Provided data>
=====
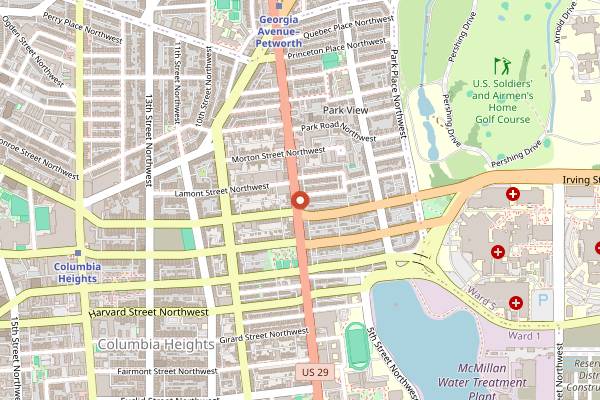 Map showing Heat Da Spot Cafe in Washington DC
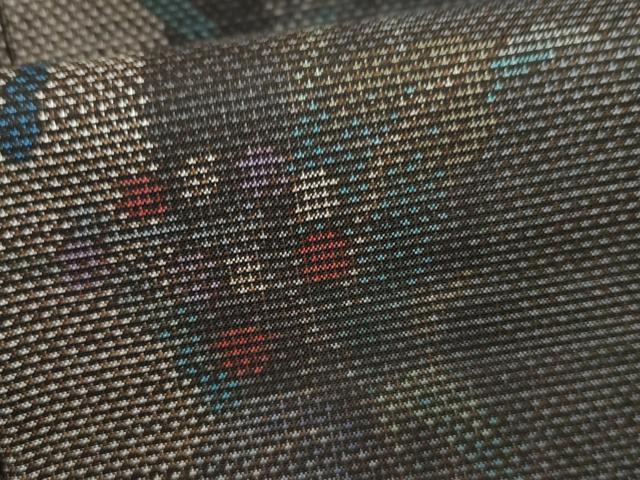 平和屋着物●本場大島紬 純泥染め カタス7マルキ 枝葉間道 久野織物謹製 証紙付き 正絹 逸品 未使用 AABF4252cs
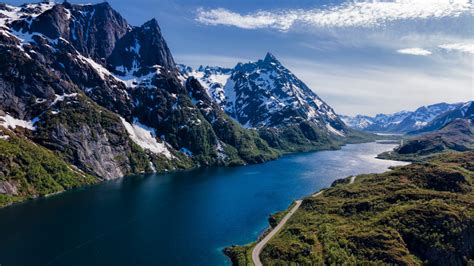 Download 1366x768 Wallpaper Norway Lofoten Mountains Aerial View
=====
Task to carry out> Everything from the line with "平和屋着物●本場大島紬 純泥染め カタス7マルキ" through the final line of the material is to be returned exactly, both ends included, apart from the pictures.

Worked solution>
 平和屋着物●本場大島紬 純泥染め カタス7マルキ 枝葉間道 久野織物謹製 証紙付き 正絹 逸品 未使用 AABF4252cs
 Download 1366x768 Wallpaper Norway Lofoten Mountains Aerial View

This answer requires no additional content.